Nell’inchiesta sui supposti falsi da 600 milioni nelle riserve sinistri di Fondiaria-Sai, Giulia Ligresti fu arrestata dal gip di Torino il 17 luglio 2013 quale vicepresidente di Fondiaria (pur senza deleghe esecutive) e asserita beneficiaria con i familiari «del sistema fraudolento». Replicò di nulla sapere di criteri contabili, dismise ogni carica, e il 2 agosto chiese di patteggiare. Il 28 agosto passò dal carcere ai domiciliari su richiesta del pm dopo una perizia sulle sue condizioni di salute, alle quali (si scoprì poi da alcune intercettazioni) si era interessata anche il ministro della Giustizia Annamaria Cancellieri. Il 3 settembre 2013 Ligresti ottenne dal gip di patteggiare 2 anni e 8 mesi, il 19 settembre tornò libera. Fino a quando il 19 ottobre 2018 fu arrestata per scontare appunto la pena patteggiata nel 2013. Solo che nel frattempo a Milano il fratello Paolo e due manager (dopo gli atti trasmessi per competenza da Torino) erano stati assolti il 16 dicembre 2015 per insussistenza di quei medesimi reati costatile invece la condanna nel 2013. Un contrasto di giudicati che determinò lo stop all’espiazione della pena il 7 novembre 2018, la revisione della condanna, e l’assoluzione l’1 aprile 2019 «perché il fatto non sussiste».

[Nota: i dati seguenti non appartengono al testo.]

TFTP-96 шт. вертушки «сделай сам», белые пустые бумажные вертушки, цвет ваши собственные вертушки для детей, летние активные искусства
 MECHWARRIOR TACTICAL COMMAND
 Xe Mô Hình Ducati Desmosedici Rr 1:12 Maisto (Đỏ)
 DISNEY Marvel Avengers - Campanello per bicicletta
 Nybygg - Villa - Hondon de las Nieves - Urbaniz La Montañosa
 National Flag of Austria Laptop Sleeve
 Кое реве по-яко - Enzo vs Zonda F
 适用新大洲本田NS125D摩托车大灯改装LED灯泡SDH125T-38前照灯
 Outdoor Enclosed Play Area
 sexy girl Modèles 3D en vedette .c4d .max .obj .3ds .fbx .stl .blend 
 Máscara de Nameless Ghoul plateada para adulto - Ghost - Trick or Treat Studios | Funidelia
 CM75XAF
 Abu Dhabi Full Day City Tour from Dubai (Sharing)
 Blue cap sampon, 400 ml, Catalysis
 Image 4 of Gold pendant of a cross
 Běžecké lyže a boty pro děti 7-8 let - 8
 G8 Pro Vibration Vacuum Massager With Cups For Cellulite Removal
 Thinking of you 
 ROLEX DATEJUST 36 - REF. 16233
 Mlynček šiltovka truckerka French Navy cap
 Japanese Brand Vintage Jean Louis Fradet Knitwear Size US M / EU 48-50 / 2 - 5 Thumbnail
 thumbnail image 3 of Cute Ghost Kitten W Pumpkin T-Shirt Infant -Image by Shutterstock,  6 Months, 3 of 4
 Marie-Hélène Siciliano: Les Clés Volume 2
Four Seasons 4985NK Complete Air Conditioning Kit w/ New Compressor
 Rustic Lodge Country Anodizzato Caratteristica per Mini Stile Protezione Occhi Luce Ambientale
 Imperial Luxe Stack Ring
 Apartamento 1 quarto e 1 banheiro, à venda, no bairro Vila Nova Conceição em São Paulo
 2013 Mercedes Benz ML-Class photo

Ora Ligresti chiedeva di essere indennizzata con 1,3 milioni sia per errore giudiziario sia per ingiusta detenzione, e il tema era se aver patteggiato fosse o no uno di quei «comportamenti dolosi o gravemente colposi» che per legge escludono l’indennizzo. E in effetti la Corte d’Appello nega ristoro all’errore giudiziario perché il patteggiamento «è inequivocabile manifestazione di volontà dell’imputato» e «presuppone il suo implicito riconoscimento di responsabilità». Per lo stesso motivo non ripara anche l’ingiusta detenzione nei giorni successivi alla richiesta di patteggiamento. Invece riconosce l’equa riparazione (che non è risarcimento di un inesistente comportamento illecito della pubblica amministrazione, ma un equo ristoro) dei 16 giorni dal 17 luglio all’1 agosto 2013 nei quali ritiene Ligresti ingiustamente detenuta in custodia cautelare.
L’Avvocatura dello Stato controbatteva che un po’ di colpa l’avesse avuta Ligresti con gli interrogatori del 2013 «ritenuti reticenti: tuttavia – rilevano il presidente Antonio Nova, la relatrice Michela Curami e la giudice Ilaria De Magistris nella causa patrocinata dai legali Massimo Rossi e Pamela Picasso – non è emerso alcun elemento a supporto di tale considerazione, né l’assoluzione ha accertato comportamenti ambigui o reticenti dell’imputata nelle indagini».